:: What you need to do ::
Please print out the entries below unchanged and skip the images.

:: Information given ::
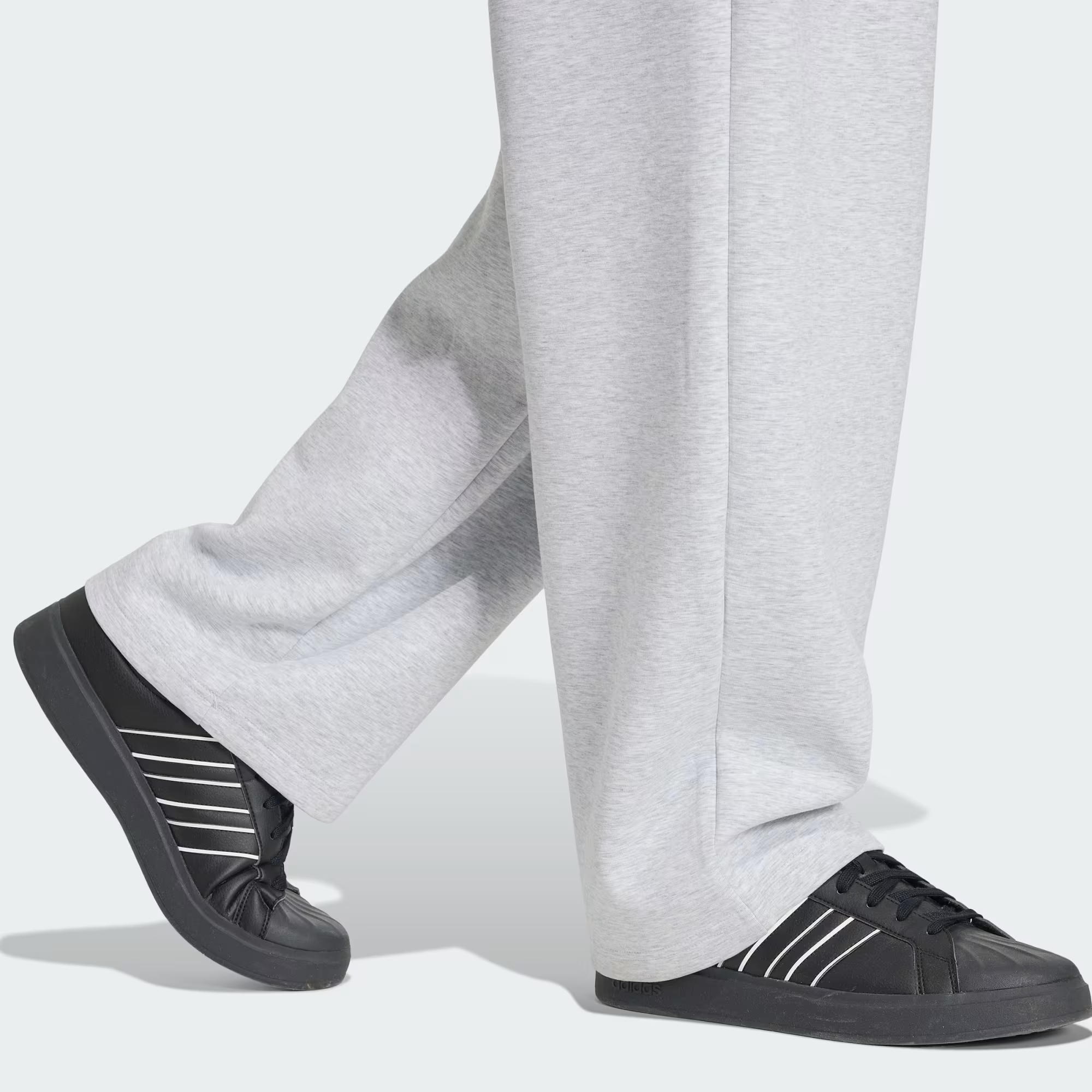 M SL OH  PT - ADIDAS SIYAH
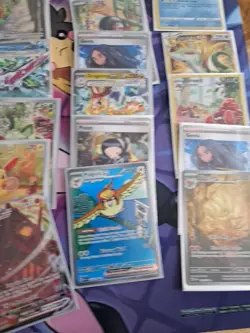 pokemon cards Lot Mixed Sets And Promos - Image 5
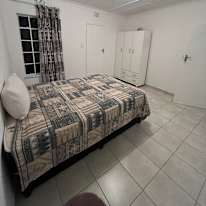 Jerome's room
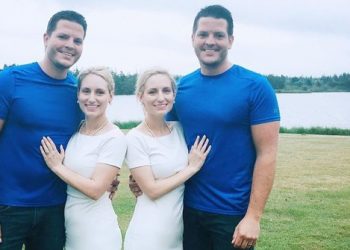 The Unique Story of Identical Twins Married With Identical Twins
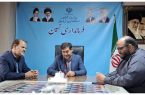 شبکه مردمی کانون‌های مساجد، ظرفیت راهبردی در فعالیت‌های فرهنگی و هنری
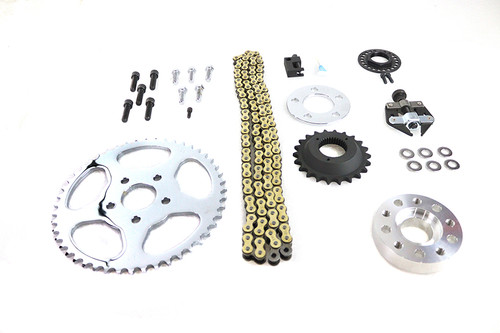 York - York FXR Rear Chain Drive Kit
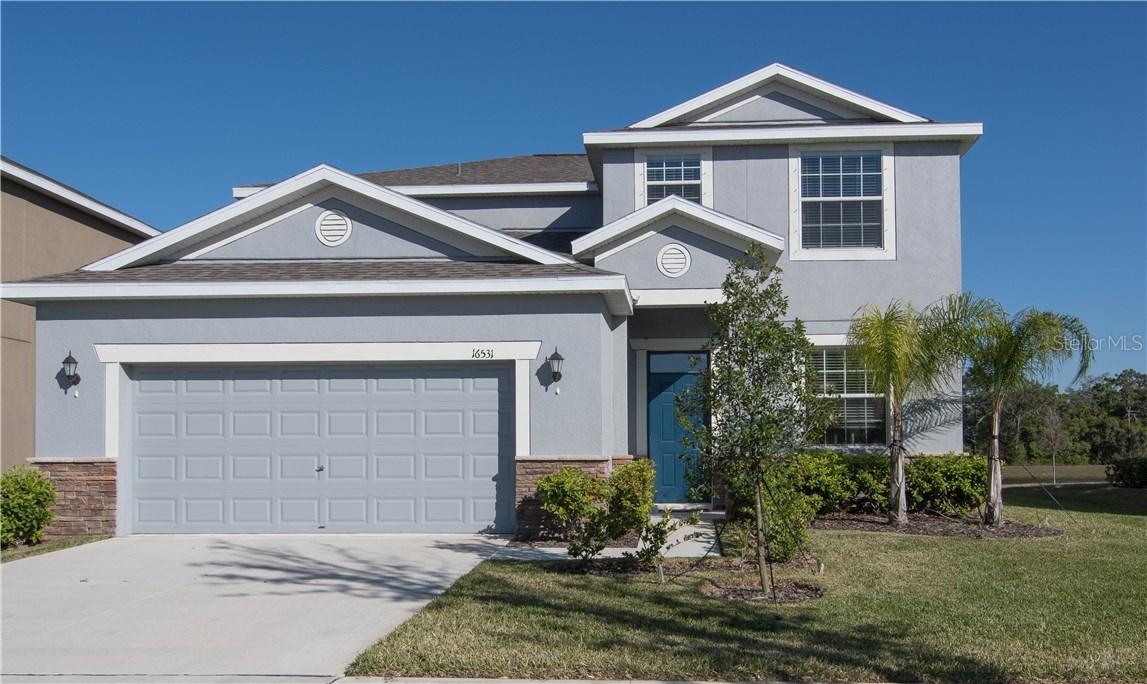 16531 Myrtle Sand Dr., Wimauma, FL 33598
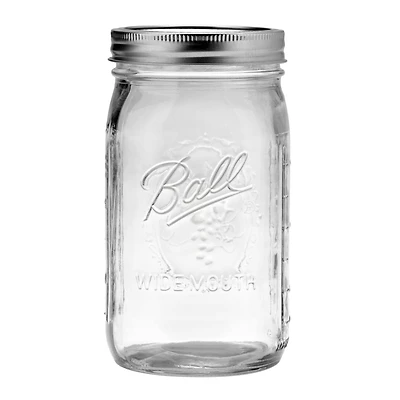 Ball® 1qt. Mason Jar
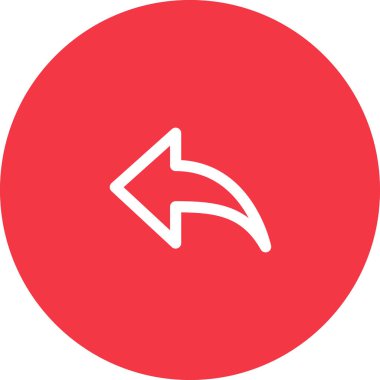 Sadece fazladan imza fikri simgesi.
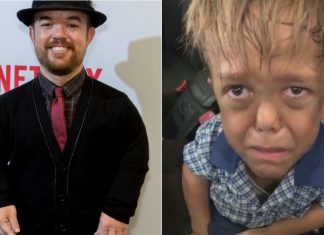 Comediante que tem nanismo arrecadou R$ 800 mil para levar menino que sofreu bullying à Disney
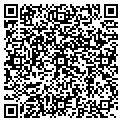 QR code with Custom Cuts contacts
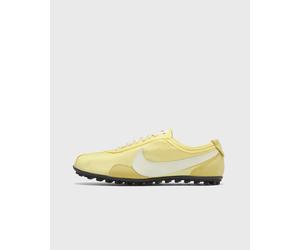 Nike WMNS MOON SHOE OG men Lowtop yellow taille: 40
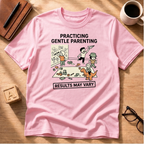 Gentle Parenting T-Shirt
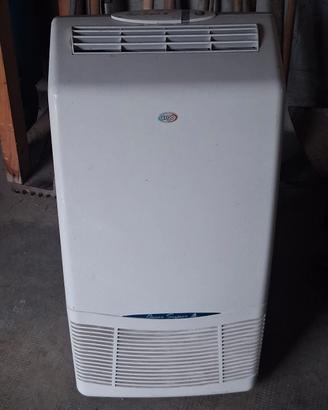 climatizzatore portatile argo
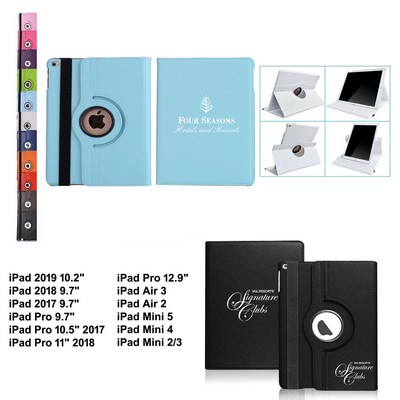Promotek iBank® Leatherette Case for iPad Pro 11"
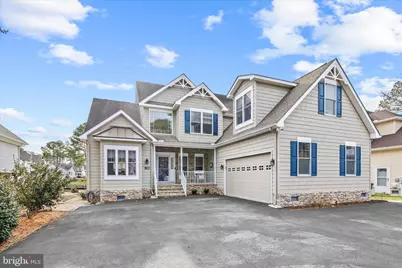 80 Teal Circle, Ocean Pines, MD 21811 - Photo 1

:: Your response ::
 M SL OH  PT - ADIDAS SIYAH
 pokemon cards Lot Mixed Sets And Promos - Image 5
 Jerome's room
 The Unique Story of Identical Twins Married With Identical Twins
 شبکه مردمی کانون‌های مساجد، ظرفیت راهبردی در فعالیت‌های فرهنگی و هنری
 York - York FXR Rear Chain Drive Kit
 16531 Myrtle Sand Dr., Wimauma, FL 33598
 Ball® 1qt. Mason Jar
 Sadece fazladan imza fikri simgesi.
 Comediante que tem nanismo arrecadou R$ 800 mil para levar menino que sofreu bullying à Disney
 QR code with Custom Cuts contacts
 Nike WMNS MOON SHOE OG men Lowtop yellow taille: 40
 Gentle Parenting T-Shirt
 climatizzatore portatile argo
Promotek iBank® Leatherette Case for iPad Pro 11"
 80 Teal Circle, Ocean Pines, MD 21811 - Photo 1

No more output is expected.